The must-read stories and debate in health policy and leadership

Barking fallout

The fallout from last year’s highest profile NHS financial collapse continued with the publication of a second review into the organisation’s governance failures.

A review by Deloitte, which was commissioned by NHS Improvement, was heavily critical of the abilities of chief executive Matthew Hopkins to lead a financial turnaround at Barking, Havering and Redbridge University Hospitals Trust – and gave further context to his departure at the end of last month.

There was also some difficult reading for the trust’s former interim finance director Steve Collins, non-executives, and even the trust’s medical director.

The Deloitte report followed a separate review by Grant Thornton, which was commissioned by the trust and published in April.

Grant Thornton had looked at problems emerging over a period of at least two years from 2015, which culminated in the trust almost running out of cash in October 2017.

For a reason yet to be explained by NHSI, Deloitte has only scrutinised the trust’s finances and governance from April 2017 onwards, with a particular focus on the final few months before the cash flow crisis fully emerged.

The Deloitte findings formed the basis of yet another review by NHSI’s deputy chair, Richard Douglas, who examined the roles played by his organisation’s finance director for London, Jeff Buggle.

Mr Buggle was the trust’s finance director from December 2014 to March 2017, and then acting chief executive for four months before moving to NHSI.

The Douglas review, which NHSI said will not be published, found “no evidence that Mr Buggle crossed a professional line” and he therefore retains the regulator’s “full confidence and support”.

Taking on the consultants

There are clearly significant issues to deal with among the trust’s clinical workforce as well, with Deloitte highlighting tensions between the medical director and consultant workforce.

The experience of Nadeem Moghal, the trust’s medical director, illustrates the difficulty of taking on difficult consultants within the NHS.

Deloitte said Dr Moghal had sought to tackle “inappropriate behaviours” among the trust’s medical consultants, including around their private patient activities, but that this had created tensions, which may now mean it is difficult for him to stay in his post.

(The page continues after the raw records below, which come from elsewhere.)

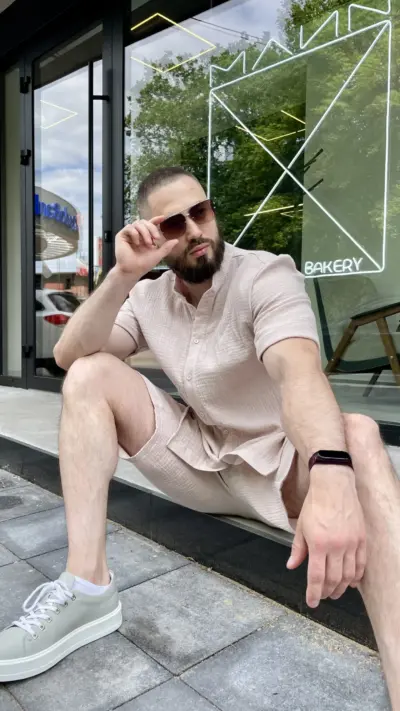 Бежевий мусліновий чоловічий костюм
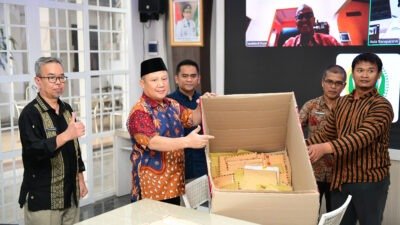 Tim Seleksi (Timsel) dan Panitia Seleksi (Pansel) Komisi Informasi (KI) Provinsi Sumatera Utara (Sumut) mulai melakukan pemeriksaan berkas yang dikirim pendaftar di Aula Trasparasi Dinas Kominfo Sumut, Jalan HM Said Medan, Kamis (23/4/2026). Ini ditandai dengan pembukaan kotak pendaftaran administrasi oleh Timsel dan Pansel KI Provinsi Sumut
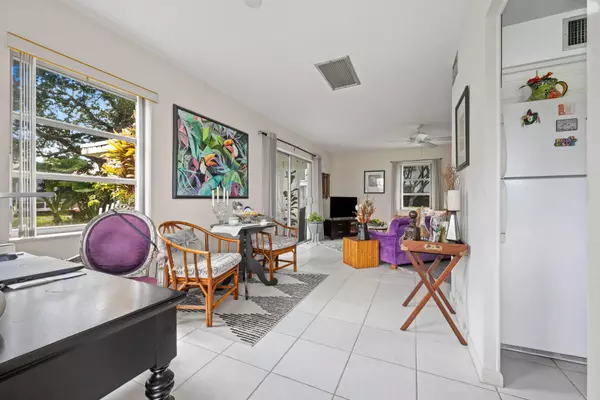 Palm Beach Gardens, FL 33410,10084 N Meridian WAY 9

Yet another review (by Deloitte again) has been looking at the wider issues around medical leadership and cultural issues underpinning the tensions.

Long stay

Clinical commissioning groups and NHS trusts have been given yet another performance target to focus on.

In a bid to cut waiting times, increase capacity ahead of winter, while also saving some pennies, NHS England and NHS Improvement have asked local areas to adopt funding schemes to reduce “excess bed days” within acute trusts.

An excess bed day is effectively a fee that a CCG must pay when a patient stays in hospital for longer than a pre-determined time. The length and rate are calculated differently for each speciality.

In a letter, the two national bodies told local leaders they should agree a baseline level of excess bed days, which CCGs would have to fund, and with this a target to reduce bed days below the baseline. No direction was given for who pays if excess bed days increase above the baseline.

Any money saved by CCGs through these schemes should be transferred to the local community provider – unless local systems agree otherwise, which is an interesting caveat.